* [Work to complete]:
Reproduce the data below line by line, from its first line to the line with "3 Adet Kadın", both included, and nothing past that point.

* [Data for analysis]:
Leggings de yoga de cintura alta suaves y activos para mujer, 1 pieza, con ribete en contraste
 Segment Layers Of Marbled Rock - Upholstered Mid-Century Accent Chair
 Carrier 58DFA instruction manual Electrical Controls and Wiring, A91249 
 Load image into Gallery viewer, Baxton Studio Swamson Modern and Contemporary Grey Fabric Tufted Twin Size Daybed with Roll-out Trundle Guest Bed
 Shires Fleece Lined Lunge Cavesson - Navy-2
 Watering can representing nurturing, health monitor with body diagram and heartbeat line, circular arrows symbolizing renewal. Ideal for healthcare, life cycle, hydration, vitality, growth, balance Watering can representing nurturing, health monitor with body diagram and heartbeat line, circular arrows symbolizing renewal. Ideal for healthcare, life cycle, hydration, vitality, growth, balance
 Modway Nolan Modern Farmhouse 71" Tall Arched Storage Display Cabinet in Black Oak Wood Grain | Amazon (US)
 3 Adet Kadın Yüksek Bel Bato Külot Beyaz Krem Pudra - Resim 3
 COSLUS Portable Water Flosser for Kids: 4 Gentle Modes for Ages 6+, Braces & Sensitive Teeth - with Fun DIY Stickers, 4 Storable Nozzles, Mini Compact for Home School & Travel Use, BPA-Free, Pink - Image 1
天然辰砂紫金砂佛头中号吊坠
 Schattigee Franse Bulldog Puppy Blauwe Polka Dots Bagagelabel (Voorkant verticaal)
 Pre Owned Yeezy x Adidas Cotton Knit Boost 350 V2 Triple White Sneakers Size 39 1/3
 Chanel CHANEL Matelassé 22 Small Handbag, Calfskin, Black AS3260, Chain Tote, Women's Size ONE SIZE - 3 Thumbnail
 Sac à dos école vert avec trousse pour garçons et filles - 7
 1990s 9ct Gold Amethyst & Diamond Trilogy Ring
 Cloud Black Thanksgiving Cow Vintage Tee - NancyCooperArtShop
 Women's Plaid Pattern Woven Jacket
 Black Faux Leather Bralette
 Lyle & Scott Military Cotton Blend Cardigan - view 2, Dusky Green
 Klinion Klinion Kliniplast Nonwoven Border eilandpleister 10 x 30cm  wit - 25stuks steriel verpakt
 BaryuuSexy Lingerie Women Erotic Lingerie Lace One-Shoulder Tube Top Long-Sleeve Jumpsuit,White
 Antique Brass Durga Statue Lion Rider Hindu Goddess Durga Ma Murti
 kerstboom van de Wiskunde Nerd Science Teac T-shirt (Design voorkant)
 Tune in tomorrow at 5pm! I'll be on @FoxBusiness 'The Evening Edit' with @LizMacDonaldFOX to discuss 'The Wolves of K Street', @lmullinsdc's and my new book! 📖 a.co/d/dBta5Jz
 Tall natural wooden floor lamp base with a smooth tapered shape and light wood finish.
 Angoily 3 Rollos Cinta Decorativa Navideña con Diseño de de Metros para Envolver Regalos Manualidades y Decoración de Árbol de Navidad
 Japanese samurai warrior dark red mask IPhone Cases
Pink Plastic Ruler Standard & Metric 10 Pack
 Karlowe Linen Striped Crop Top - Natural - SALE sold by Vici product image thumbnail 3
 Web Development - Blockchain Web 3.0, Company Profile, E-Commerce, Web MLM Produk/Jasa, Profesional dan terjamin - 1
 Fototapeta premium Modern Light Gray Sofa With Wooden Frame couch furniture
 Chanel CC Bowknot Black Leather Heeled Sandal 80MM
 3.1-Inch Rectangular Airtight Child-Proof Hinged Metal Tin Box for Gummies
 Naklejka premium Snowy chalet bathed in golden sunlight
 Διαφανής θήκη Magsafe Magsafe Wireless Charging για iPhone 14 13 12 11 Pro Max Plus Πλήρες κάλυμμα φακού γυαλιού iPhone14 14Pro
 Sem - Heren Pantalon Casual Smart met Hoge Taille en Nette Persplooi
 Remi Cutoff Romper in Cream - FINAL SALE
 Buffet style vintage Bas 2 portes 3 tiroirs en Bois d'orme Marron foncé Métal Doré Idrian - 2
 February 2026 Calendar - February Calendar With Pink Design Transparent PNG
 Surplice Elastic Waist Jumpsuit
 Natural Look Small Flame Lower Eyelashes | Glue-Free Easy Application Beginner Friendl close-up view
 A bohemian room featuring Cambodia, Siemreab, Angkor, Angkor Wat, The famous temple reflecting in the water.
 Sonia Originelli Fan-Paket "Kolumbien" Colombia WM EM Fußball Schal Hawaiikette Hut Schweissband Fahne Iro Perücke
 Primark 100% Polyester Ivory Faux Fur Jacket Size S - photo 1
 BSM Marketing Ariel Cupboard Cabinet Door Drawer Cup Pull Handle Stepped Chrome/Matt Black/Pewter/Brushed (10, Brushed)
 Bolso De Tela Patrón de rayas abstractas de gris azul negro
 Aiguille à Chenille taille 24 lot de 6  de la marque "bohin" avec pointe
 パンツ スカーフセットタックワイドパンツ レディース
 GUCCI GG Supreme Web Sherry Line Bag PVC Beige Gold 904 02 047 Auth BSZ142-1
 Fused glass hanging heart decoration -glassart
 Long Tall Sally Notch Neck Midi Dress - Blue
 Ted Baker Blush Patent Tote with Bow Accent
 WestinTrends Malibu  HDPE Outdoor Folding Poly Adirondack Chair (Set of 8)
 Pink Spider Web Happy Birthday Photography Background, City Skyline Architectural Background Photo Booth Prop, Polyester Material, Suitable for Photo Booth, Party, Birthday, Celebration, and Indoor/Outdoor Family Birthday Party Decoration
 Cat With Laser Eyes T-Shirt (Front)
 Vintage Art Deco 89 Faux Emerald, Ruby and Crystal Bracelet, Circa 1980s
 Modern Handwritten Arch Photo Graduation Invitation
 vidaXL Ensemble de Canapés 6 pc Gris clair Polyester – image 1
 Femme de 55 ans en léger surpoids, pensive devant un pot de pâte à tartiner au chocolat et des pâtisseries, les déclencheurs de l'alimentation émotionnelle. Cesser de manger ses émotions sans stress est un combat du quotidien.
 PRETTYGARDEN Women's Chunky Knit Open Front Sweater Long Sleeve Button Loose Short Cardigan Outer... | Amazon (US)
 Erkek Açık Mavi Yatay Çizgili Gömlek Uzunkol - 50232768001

* [Output below]:
Leggings de yoga de cintura alta suaves y activos para mujer, 1 pieza, con ribete en contraste
 Segment Layers Of Marbled Rock - Upholstered Mid-Century Accent Chair
 Carrier 58DFA instruction manual Electrical Controls and Wiring, A91249 
 Load image into Gallery viewer, Baxton Studio Swamson Modern and Contemporary Grey Fabric Tufted Twin Size Daybed with Roll-out Trundle Guest Bed
 Shires Fleece Lined Lunge Cavesson - Navy-2
 Watering can representing nurturing, health monitor with body diagram and heartbeat line, circular arrows symbolizing renewal. Ideal for healthcare, life cycle, hydration, vitality, growth, balance Watering can representing nurturing, health monitor with body diagram and heartbeat line, circular arrows symbolizing renewal. Ideal for healthcare, life cycle, hydration, vitality, growth, balance
 Modway Nolan Modern Farmhouse 71" Tall Arched Storage Display Cabinet in Black Oak Wood Grain | Amazon (US)
 3 Adet Kadın Yüksek Bel Bato Külot Beyaz Krem Pudra - Resim 3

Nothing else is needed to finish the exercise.